Sampang, Berita Nusantara 89. LSM Lasbandra melalui Sekretaris Jenderalnya, Achmad Rifai, membantah kabar bahwa Polda Jawa Timur mendapat tekanan dari Bupati Sampang terkait penyidikan dugaan korupsi proyek jalan lapen senilai Rp12 miliar yang bersumber dari Dana Insentif Daerah (DID) tahap II tahun 2020.
Proyek tersebut merupakan bagian dari program Pemulihan Ekonomi Nasional (PEN) dan saat ini sedang dalam penyelidikan oleh Unit Tipidkor Polda Jatim. Polda Jatim telah menetapkan HM sebagai tersangka, sebagaimana tercantum dalam SP2HP nomor B/67/SP2HP/II/RES.3.3/2025/Ditreskrimsus. Laporan kasus ini berasal dari LSM Lasbandra sebagai pelapor tunggal.
Rifai menegaskan bahwa isu SP3 kasus ini melalui campur tangan politik Bupati Slamet Junaidi tidak benar. “Kalau ada yang mengatakan Polda menghentikan kasus ini dengan kekuatan super power Bupati untuk menekan Polda Jatim, silakan saja. Tapi kami tetap akan mengawal proses ini sampai tuntas,” kata Rifai di kantornya pada Selasa (15/7/2025).

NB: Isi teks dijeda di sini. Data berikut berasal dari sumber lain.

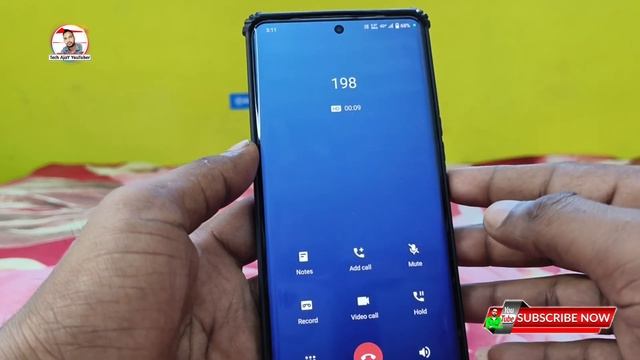 Jio customer care number, Jio helpline number, How to Call jio Customer Care Number | #jio смотреть онлайн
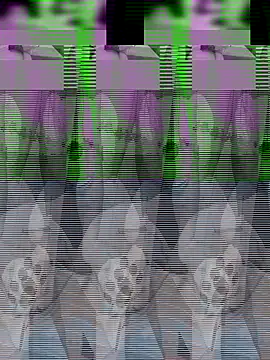 Apkisona8 online show from 10/11/25, 06:28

Ia mengakui bahwa di tingkat lokal, pengaruh kepala daerah bisa saja memengaruhi aparat penegak hukum. Namun, ia menilai hal itu tidak berlaku di level kepolisian provinsi seperti Polda Jatim.
“Kalau di Sampang mungkin bisa terjadi. Tapi di Polda Jatim, itu hanya isu yang mengembang untuk menyenangkan para pendukung yang menganggap beliau seperti manusia setengah dewa,” ujarnya.
Sementara itu, Ketua Umum Jawa Corruption Watch (JCW), Rizal Diansyah Soesanto ST, CPLA, menyatakan bahwa intervensi proses hukum merupakan pelanggaran berat. Hal ini Mengacu pada Pasal 21 UU Tipikor, pelaku yang menghalangi penyidikan bisa mendapapatkan ancaman penjara hingga 12 tahun.
“Tekanan terhadap penyidik adalah bentuk obstruction of justice. Penegak hukum tidak boleh tunduk pada kekuasaan. KPK dan lembaga-lembaga pusat wajib mengawasi potensi pelanggaran seperti ini,” tegas Rizal.